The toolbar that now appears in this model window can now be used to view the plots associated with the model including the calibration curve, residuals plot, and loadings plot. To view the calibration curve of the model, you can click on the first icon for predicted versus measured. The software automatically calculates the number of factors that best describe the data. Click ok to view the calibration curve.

********************

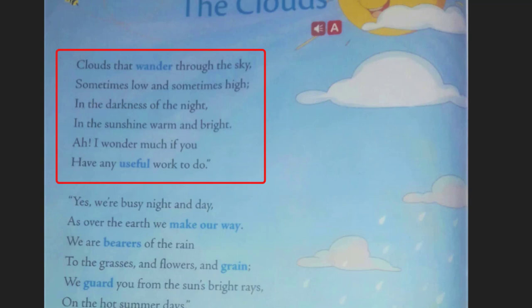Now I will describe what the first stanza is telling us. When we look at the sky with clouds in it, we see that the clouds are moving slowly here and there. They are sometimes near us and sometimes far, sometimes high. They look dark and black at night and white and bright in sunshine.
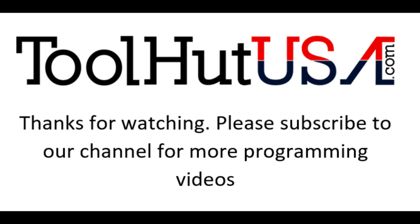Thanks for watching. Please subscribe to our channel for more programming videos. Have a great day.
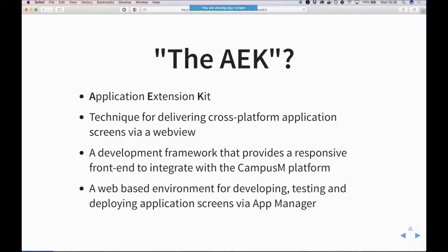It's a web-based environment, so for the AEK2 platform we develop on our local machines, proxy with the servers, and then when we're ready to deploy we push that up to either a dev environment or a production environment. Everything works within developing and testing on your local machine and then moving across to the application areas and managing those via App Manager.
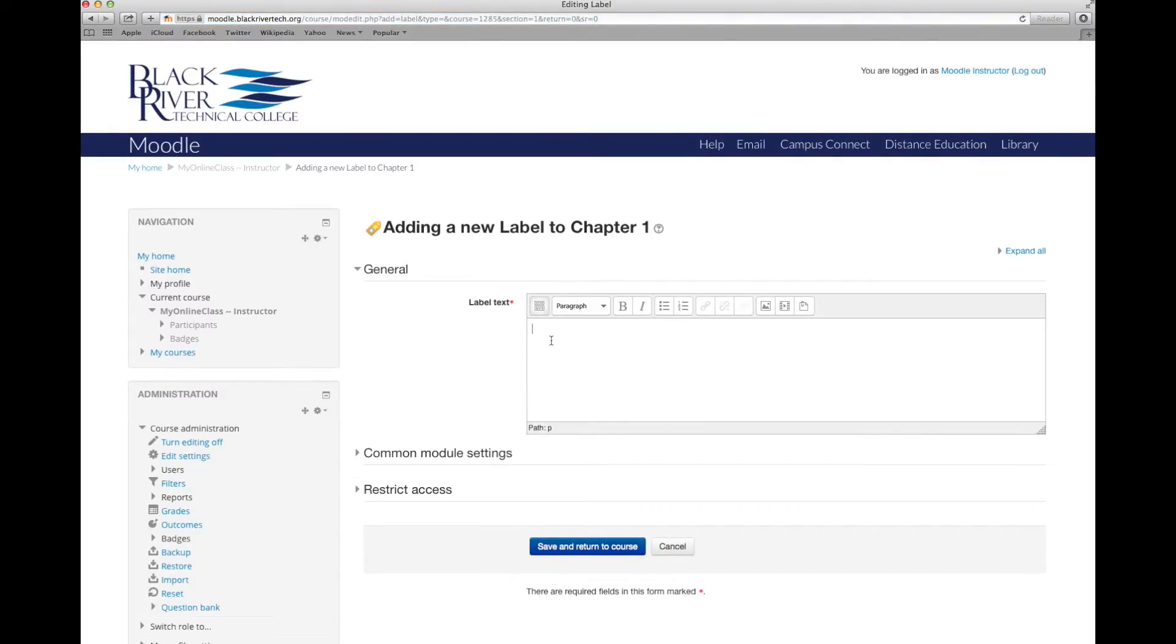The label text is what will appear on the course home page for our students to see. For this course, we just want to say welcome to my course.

********************

→ What you need to do: Could you transcribe exactly the entries above, but only the lines from the one with "It's a web-based" through the one with "The label text", and without pictures?

→ Answer space:
It's a web-based environment, so for the AEK2 platform we develop on our local machines, proxy with the servers, and then when we're ready to deploy we push that up to either a dev environment or a production environment. Everything works within developing and testing on your local machine and then moving across to the application areas and managing those via App Manager.
The label text is what will appear on the course home page for our students to see. For this course, we just want to say welcome to my course.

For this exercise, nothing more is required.